Transcurrió el tiempo velozmente para los que le íbamos a entregar a la tierra y diecisiete horas y media después, terminados los honores militares y los discursos protocolares, le depositábamos para su viaje al esfíngico santuario de los muertos.

Era una noche pletórica de estrellas, después de las lágrimas abundantes que, en forma de copiosa lluvia, vertió la naturaleza, como si ella también estuviese afligida.

Sus restos bajaban al mausoleo familiar. No podía olvidar que estábamos en la Atenas del Nuevo Mundo. Me situé mentalmente en la Atenas de los clásicos, la de Pericles y de Platón, es decir en Atenas inmortal, y la oscuridad nocturna me pareció una noche griega que dejaba entrever, por encima de nuestras cabezas, las constelaciones que contemplaba la vigía de Argos cuando esperaba la señal de la caída de Troya, Sófocles cuando iba a escribir Antígona, y los bardos latinos como Virgilio cuando pergueñaba la Eneida, Horacio con sus Odas y Ovidio y sus poemas eróticos.

Ensimismado en mi nostalgia me pareció escuchar una música, antes de oír el tañir de las campanas que en otros tiempos repicaban por los reyes, esa música era la Marcha fúnebre por la muerte de un héroe. Me pareció, entonces, que todos los nativos de esta tierra saben que hay una parte del honor dominicano que se llama Joaquín Balaguer.

Meditábamos, en el postrer adiós, acerca de la dimensión del familiar que pronto sería como diría Borges: «Un poco de cenizas y de gloria». Pensé que sobre él, como sobre todos los grandes hombres, se reflejaron las tormentas de los cielos, así como toda la majestuosidad del mar.

Sellan la tapa que cubre el nicho y, con la certeza de que algo se me iba con él, dialogo con mi conciencia ante el umbral severo de la tumba mis últimos pensamientos.
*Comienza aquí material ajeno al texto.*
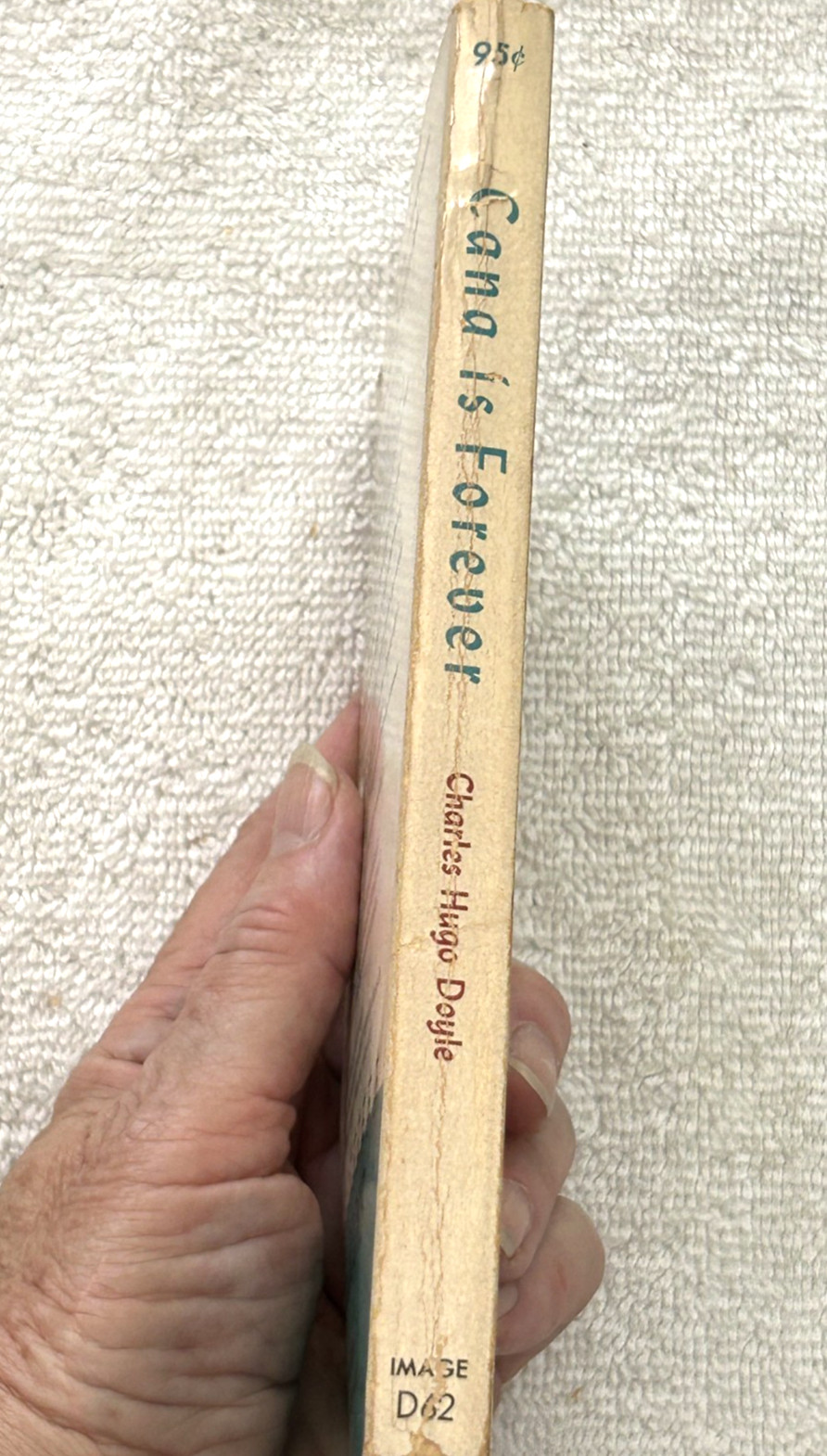 CANA IS FOREVER Charles Hugo Doyle pb 10th 1957 Counsels before after Marriage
Viene a mi memoria la figura de Pericles ante el monumento funerario del gran heleno y repito sus palabras para el ilustre muerto: «No fueron vuestros esfuerzos en vano, porque con tu patriotismo la República escaló la cima de sus glorias».

Hoy, dos años después, con motivo de un nuevo aniversario de su natalicio, regreso ante su última morada para decirle que la historia se engalana con su nombre; el héroe se inclina reverentemente ante los manes de nuestra nacionalidad y la República aún llora la desaparición del Doctor Balaguer, a quien consagro, con devota admiración, estas remembranzas.